| Required action |
Transcription, pictures excluded: write out the data below exactly.

| Provided material |
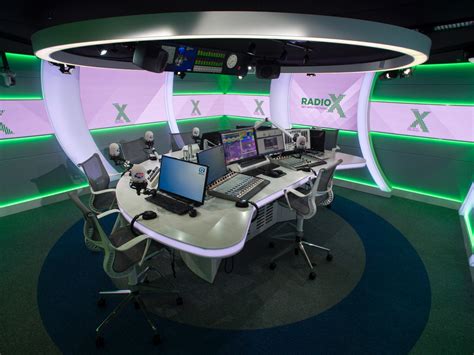 Completed Electrical Installation Capital Radio Broadcast Studio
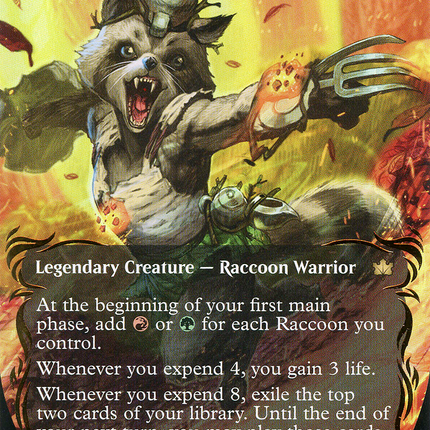 Muerra, Trash Tactician (Showcase) (Borderless) [Bloomburrow] Raised Foil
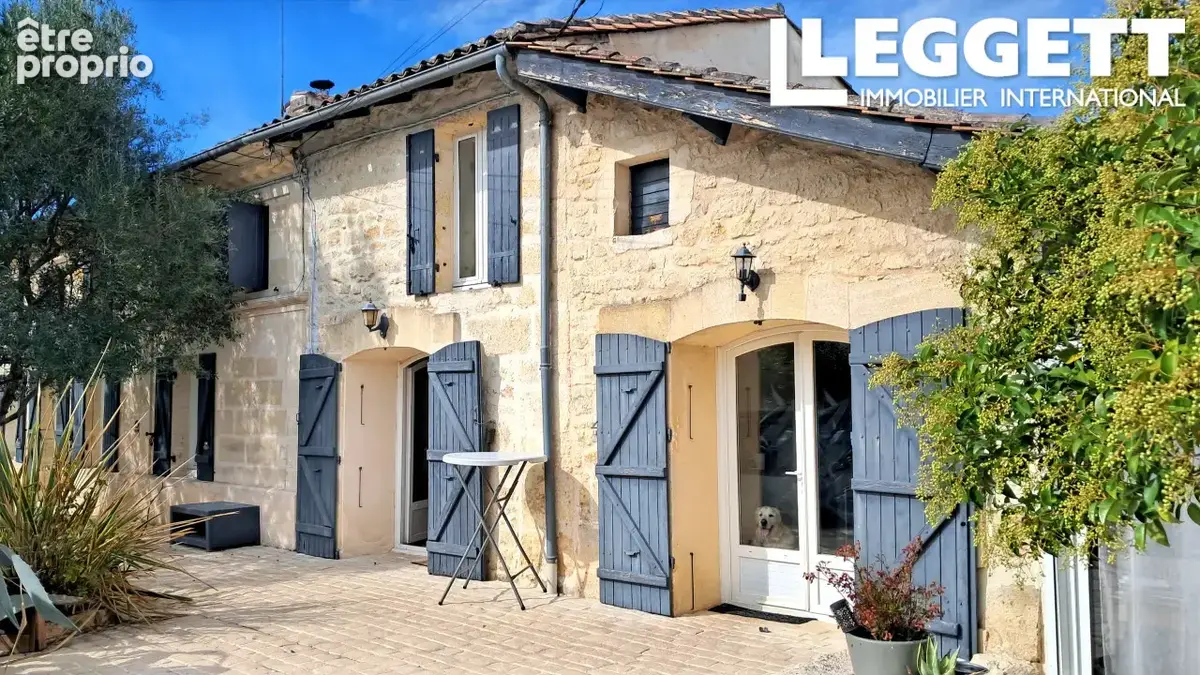 Charmante maison ancienne avec 5 chambres, jardin & piscine. Proche bourg de Prignac et Marcamps - photo 3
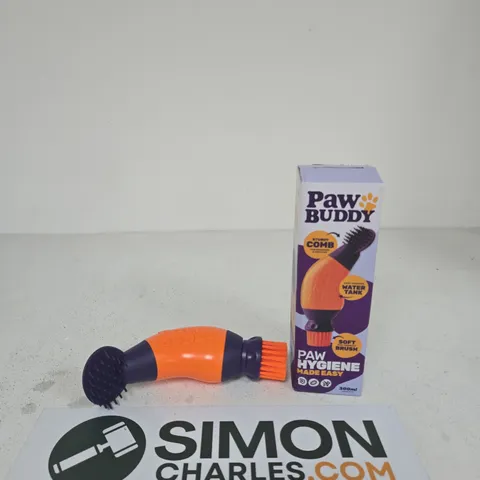 PAW BUDDY PAW HYGIENE GROOMING BRUSH – ORANGE/BLACK (PET)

| Task solution |
 Completed Electrical Installation Capital Radio Broadcast Studio
 Muerra, Trash Tactician (Showcase) (Borderless) [Bloomburrow] Raised Foil
 Charmante maison ancienne avec 5 chambres, jardin & piscine. Proche bourg de Prignac et Marcamps - photo 3
 PAW BUDDY PAW HYGIENE GROOMING BRUSH – ORANGE/BLACK (PET)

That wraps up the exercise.